INDIANAPOLIS — Briann January grew up, as she likes to put it, in a house full of ninjas.
Her father teaches karate and owns his own martial arts studio out in Spokane, Wash. Her mother is a second-degree black belt. Her younger sister has a black belt — and got hers before January did, which spurred January to finally earn hers in Taekwondo at the end of her freshman year of high school.
Martial arts were just one of a handful of hobbies that dotted January’s childhood; she played soccer and softball, ran track and played the trumpet in the marching band. Of course, she also played basketball, and played it well.
January, 30, now realizes that what her father told her about martial arts and basketball — it will help you when you fall, for example — has been true. And perhaps it’s helped her, over the course of her exceptional collegiate career at Arizona State, her now nine-year WNBA career and her foray into coaching, more than she ever could have imagined.

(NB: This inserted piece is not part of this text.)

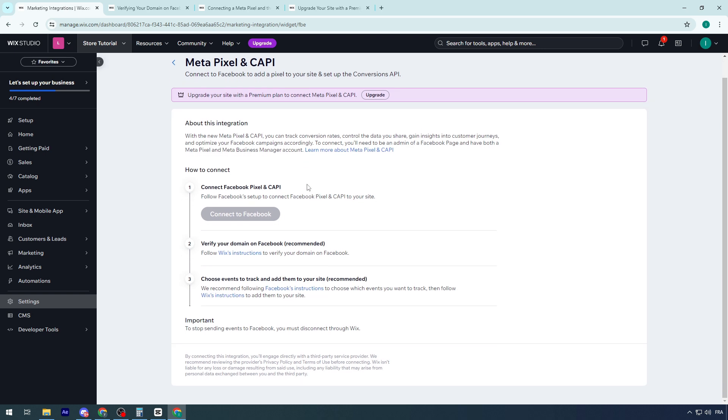Then every single thing that's from conversions, from leads, from anything that is related to your ads, you will be finding them on Meta, on your Meta Advertise account. It will not be shown in here. This is just the integration page, but all the data that you will need you'll find on the Facebook Advertise account. You can go to your campaign and check the statistics that you will find within your campaign.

“There are so many things that you learn within martial arts that carries over into not only just basketball, but life,” January says. “One of the major things for me is just to be able to recenter myself. There’s so much going on — when you’re on the court and you have a few bad possessions. Or somebody’s not shooting well. You’ve got to get somebody locked in. There are a lot of moving parts and you just sometimes just got to take a second and be able to regroup, center yourself real quick, and then focus, really lock in at the task at hand, which probably is the next possession. That is the biggest thing for me, as well as just being able to move my body. To avoid body contact and just roll off of people. Whether it’s a post player trying to post you up and pulling the chair, swimming over. Keeping your balance. Those type of things.
“And then, when you fall on the floor, knowing how to fall properly without getting a huge impact. If you fall wrong, you’re getting a ton of impact on your body. If you fall correctly, you can roll out of it. You can brace yourself.”
It’s easy to extrapolate; these lessons translate into, essentially, every area of life. They’ve worked well on the basketball court for January as a player. Now, we’ll see how well they work as she begins her coaching career in earnest, too — at the same time.